Que faire de ces personnes qui, pourtant autonomes, même si cette autonomie ne revêt pas une forme conventionnelle, ne rentrent pas dans les « clous » des exigences des structures d’hébergement ? Ces exigences, souvent légitimes au regard du cadre de réglementation des établissements qui obéit à des commandes politiques, peuvent être vécues comme des contraintes : contraintes aux soins (traitements médicamenteux non souhaités), contraintes sociales (précarisation en termes de logement, de droits aux prestations sociales, exigence de projet professionnel), mais aussi contraintes légales (mise en place de mesures de protection type curatelle ou tutelle). À ces contraintes, certaines personnes préfèrent la rue. Pour les travailleurs sociaux aussi, ces situations sont difficiles. Elles demandent plus de travail de partenariat, de connaissances des structures locales spécialisées, plus de souplesse aussi dans l’accompagnement, ce qui conduit parfois à déroger à quelques règles institutionnelles. Elles renvoient également à un sentiment d’inefficacité, d’échec lorsque l’issue du séjour est un retour à la case départ : la rue.

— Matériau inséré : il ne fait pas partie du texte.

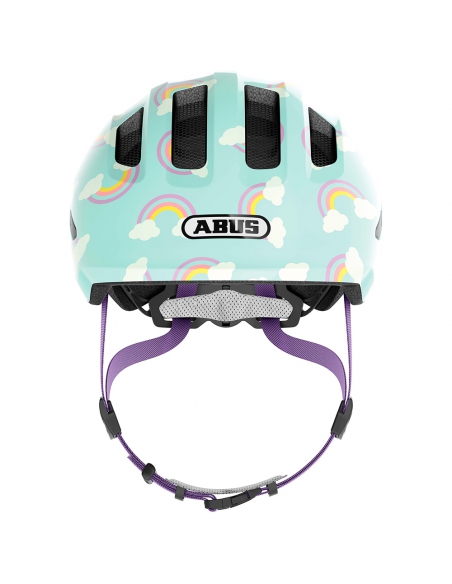 Kask dziecięcy Abus Smiley 3.0 LED Blue Rainbow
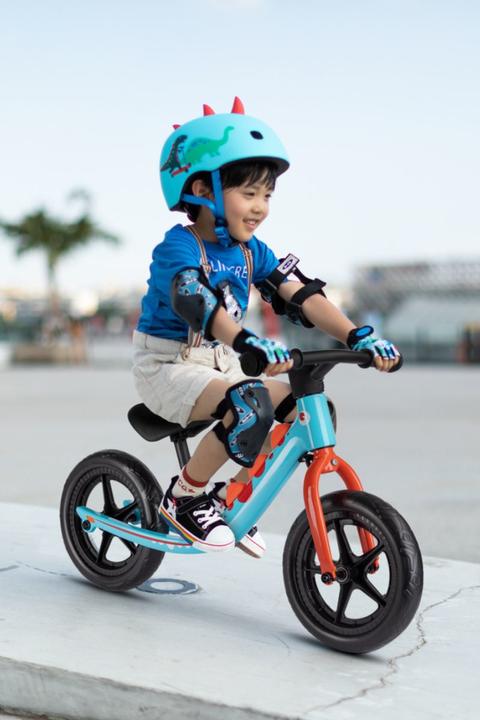 Actual product image Micro Children's Balance Bike Dino Blue Light Blue (4.72")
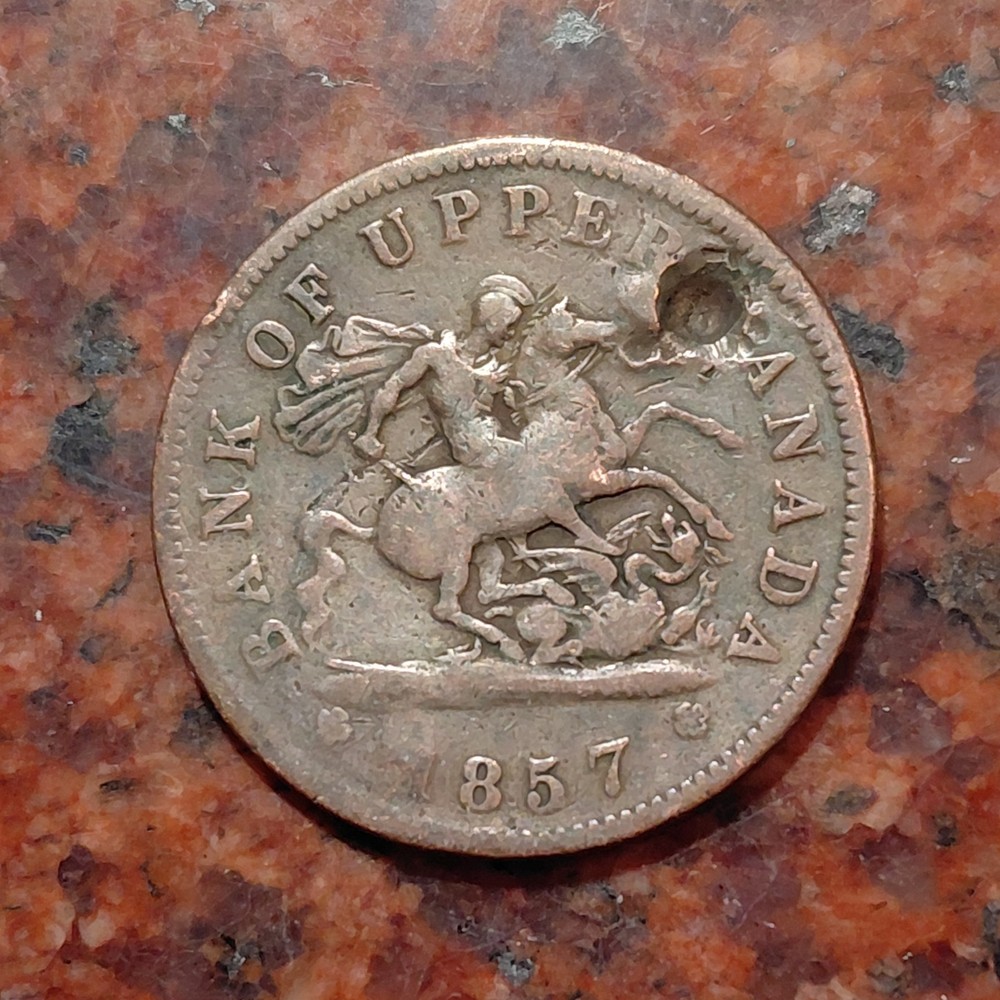 1857 UPPER CANADA ONE PENNY - #B7757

La tentation est grande alors de se désinvestir et de renvoyer la personne à son manque d’adhésion « aux soins » tels qu’on les conçoit dans une certaine « normalité ». En raison de l’inadéquation des modes d’accueil pour une population en incapacité d’entrer dans le processus d’intégration sociale ou professionnelle attendue, le dispositif Housing first est porteur d’espoir : l’espoir d’un soin (presque) sans contrainte. Sans la contrainte de devoir motiver sa demande par un projet, professionnel par exemple, ou de répondre à des attentes institutionnelles trop coercitives au regard du parcours de la personne. Envisager l’accès à un hébergement avec un degré minimal de contraintes non fondées du point de vue social, éducatif, thérapeutique revient à placer la personne au centre de l’accompagnement, en respectant ses besoins, ses désirs, mais aussi à considérer l’hébergement comme une composante essentielle au soin : gage de stabilité pour les uns, espoir de rétablissement pour les autres.